# No CD/DVD devices found!



## supadee718 (Jul 12, 2011)

I am getting this error message when choosing the installation media. First, I am booting from the CD and Second, this worked on 3 other identical machines prior. I am using 8.2, external scsi DVD/CD combo drive. Again, it boots into the install program go through create partitions and when I get to the choose installation media page I am getting the CD/DVD can not be found error.


----------



## ikreos (Jul 12, 2011)

You may have to load extra kernel modules for your external drive at the boot screen. Just because it boots to install doesn't mean it can see the drive.


----------



## supadee718 (Jul 12, 2011)

Thanks for responding so quickly, I am no FreedBSD expert as you can probably tell, but I am not sure where to get the modules or where in the boot process to load them.


----------



## ikreos (Jul 12, 2011)

When you get to this screen, select option 6. Review the loader(8) manual page. You will also need to know what driver/module your external drive needs.

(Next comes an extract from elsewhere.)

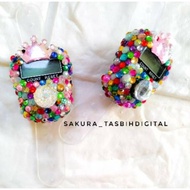 Swarovski digital prayer beads crystal prayer beads - colorfull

You may have to do a little digging to find that out.


----------



## dave (Jul 13, 2011)

I always just use the boot-only cd to boot and start the install, and then choose minimal install, and select FTP as source. Use passive FTP if you are behind a firewall.  It only takes a little while if you have a decent Internet connection.  Once I have booted into my minimal install, I use portsnap to fetch and extract the ports tree, and start building ports from there.  You may also wish to use the sysinstall utility to install the man pages: configure > distributions > man pages.


----------